### Data under study
§
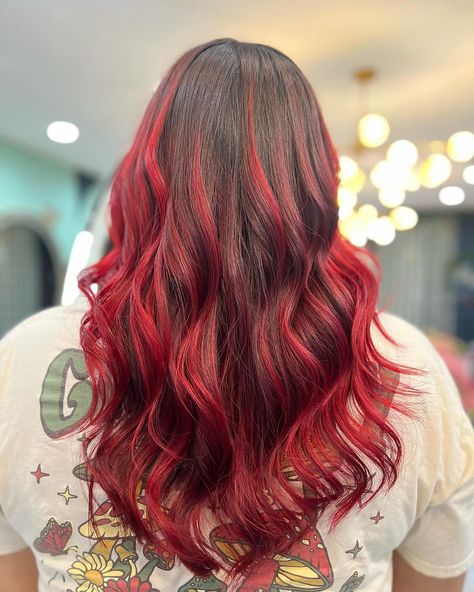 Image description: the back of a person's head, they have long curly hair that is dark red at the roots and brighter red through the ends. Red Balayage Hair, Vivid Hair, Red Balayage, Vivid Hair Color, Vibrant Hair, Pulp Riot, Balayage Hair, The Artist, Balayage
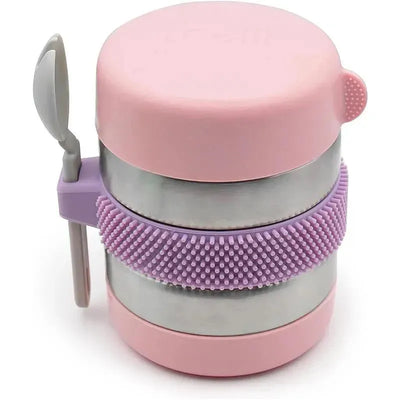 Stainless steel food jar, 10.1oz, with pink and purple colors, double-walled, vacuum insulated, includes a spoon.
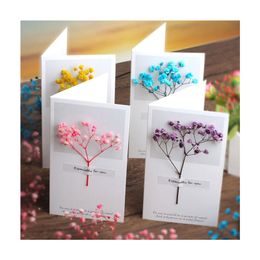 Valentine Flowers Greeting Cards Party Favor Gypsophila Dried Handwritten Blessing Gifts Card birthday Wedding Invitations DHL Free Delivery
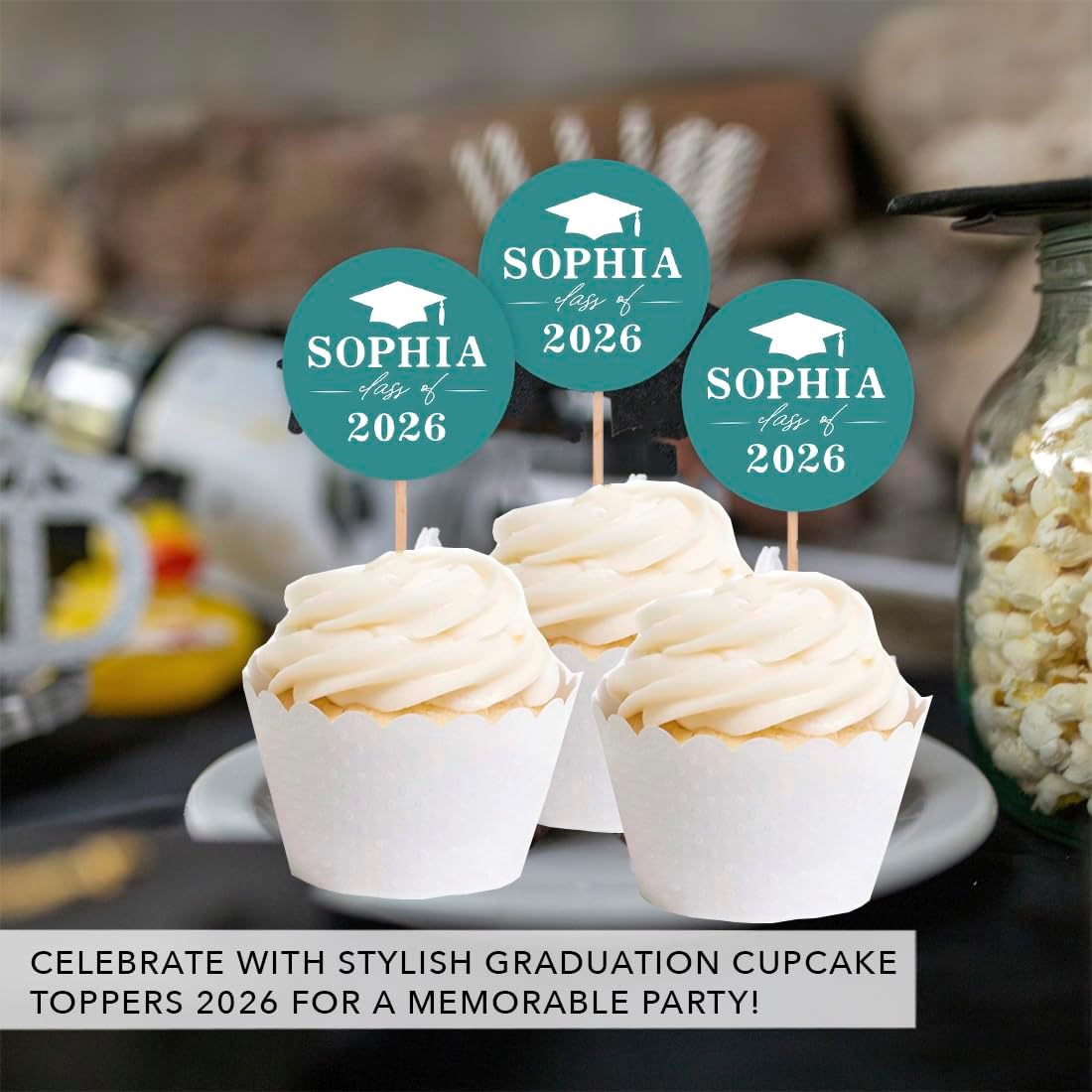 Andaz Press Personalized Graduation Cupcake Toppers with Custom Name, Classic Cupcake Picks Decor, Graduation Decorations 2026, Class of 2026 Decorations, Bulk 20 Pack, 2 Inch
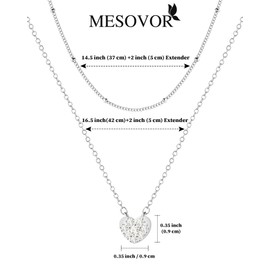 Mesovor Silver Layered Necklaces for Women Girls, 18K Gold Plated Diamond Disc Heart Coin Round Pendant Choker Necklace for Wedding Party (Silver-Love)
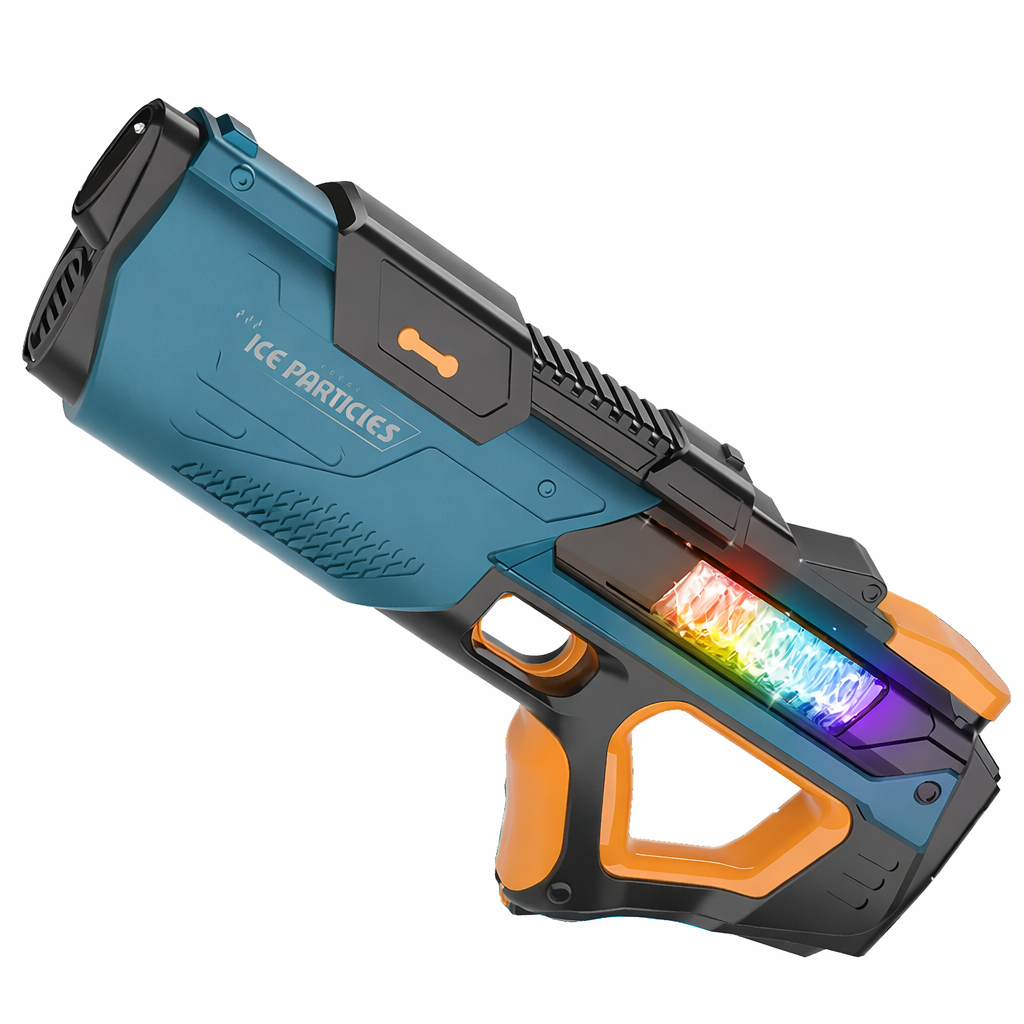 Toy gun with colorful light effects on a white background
§
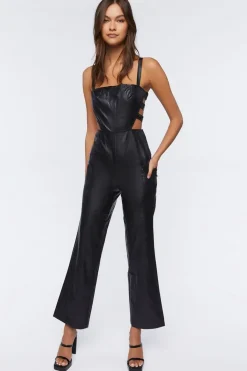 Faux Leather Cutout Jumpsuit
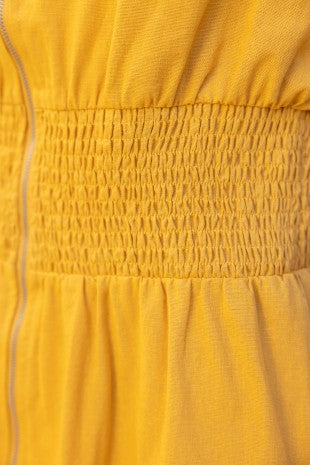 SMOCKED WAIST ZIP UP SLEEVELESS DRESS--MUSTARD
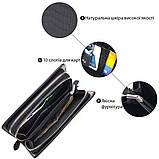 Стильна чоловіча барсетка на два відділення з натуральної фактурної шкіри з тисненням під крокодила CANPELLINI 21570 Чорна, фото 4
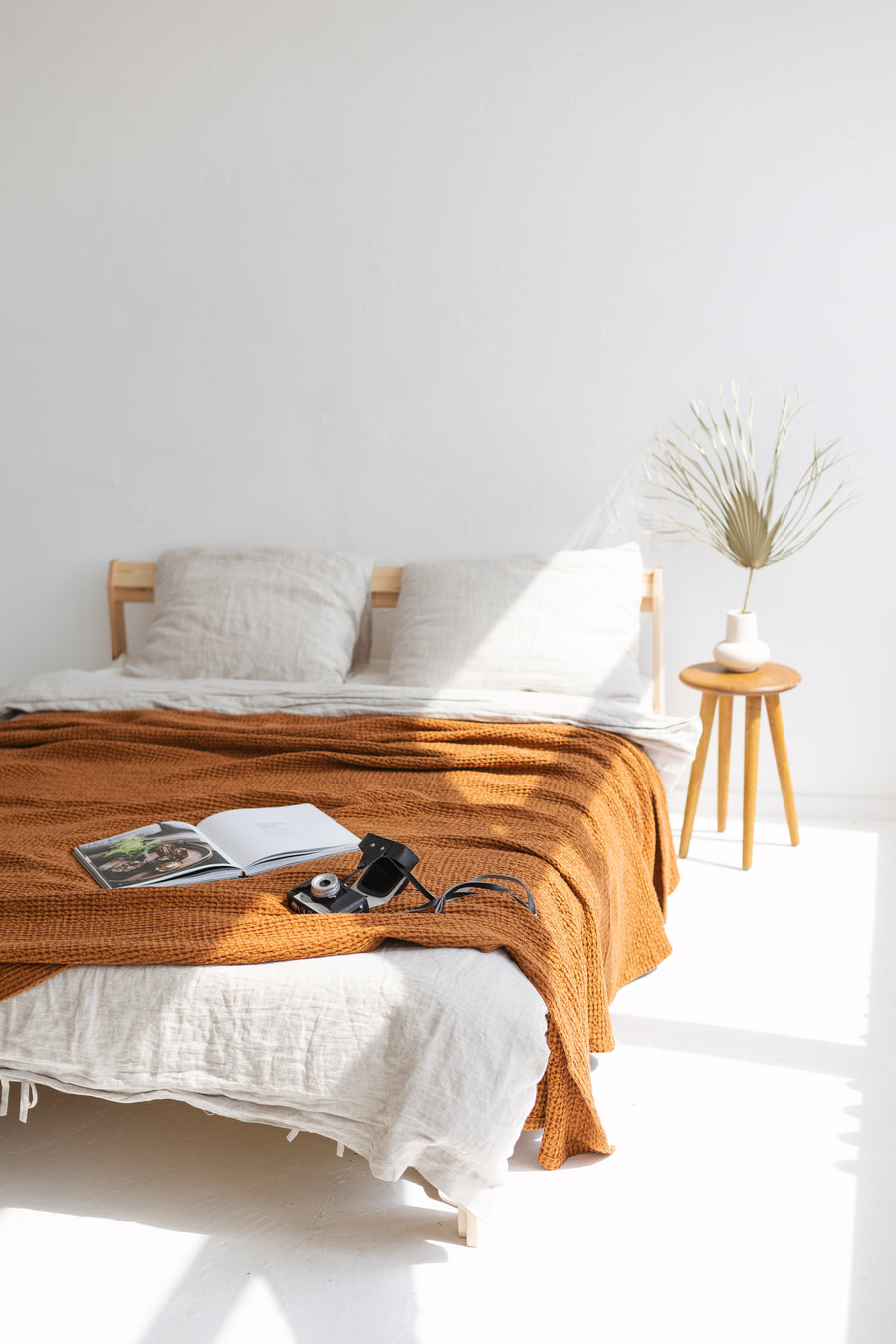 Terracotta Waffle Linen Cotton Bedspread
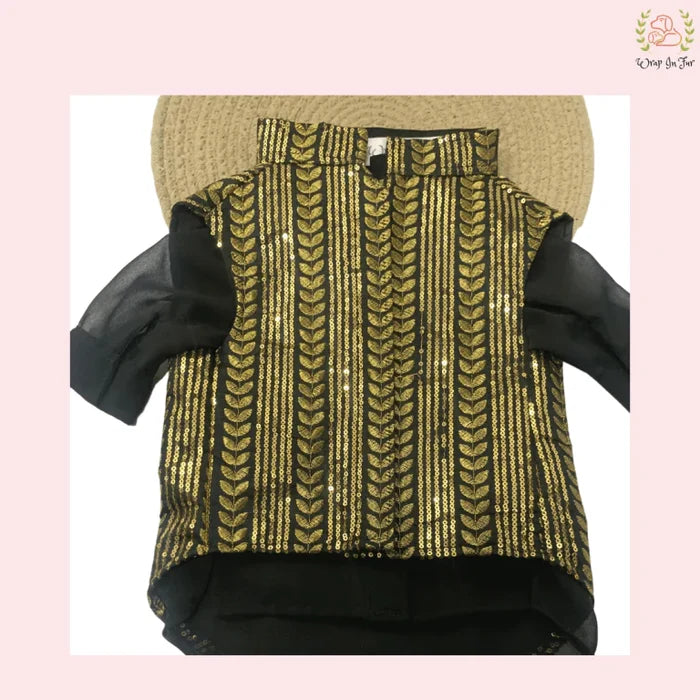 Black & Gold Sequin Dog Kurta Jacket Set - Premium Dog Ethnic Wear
§
### Your task
An exact transcription is needed of the lines from the one with "Andaz Press Personalized" to the one with "Toy gun with" above, both ends included, with pictures left out.

### Finished exercise
 Andaz Press Personalized Graduation Cupcake Toppers with Custom Name, Classic Cupcake Picks Decor, Graduation Decorations 2026, Class of 2026 Decorations, Bulk 20 Pack, 2 Inch
 Mesovor Silver Layered Necklaces for Women Girls, 18K Gold Plated Diamond Disc Heart Coin Round Pendant Choker Necklace for Wedding Party (Silver-Love)
 Toy gun with colorful light effects on a white background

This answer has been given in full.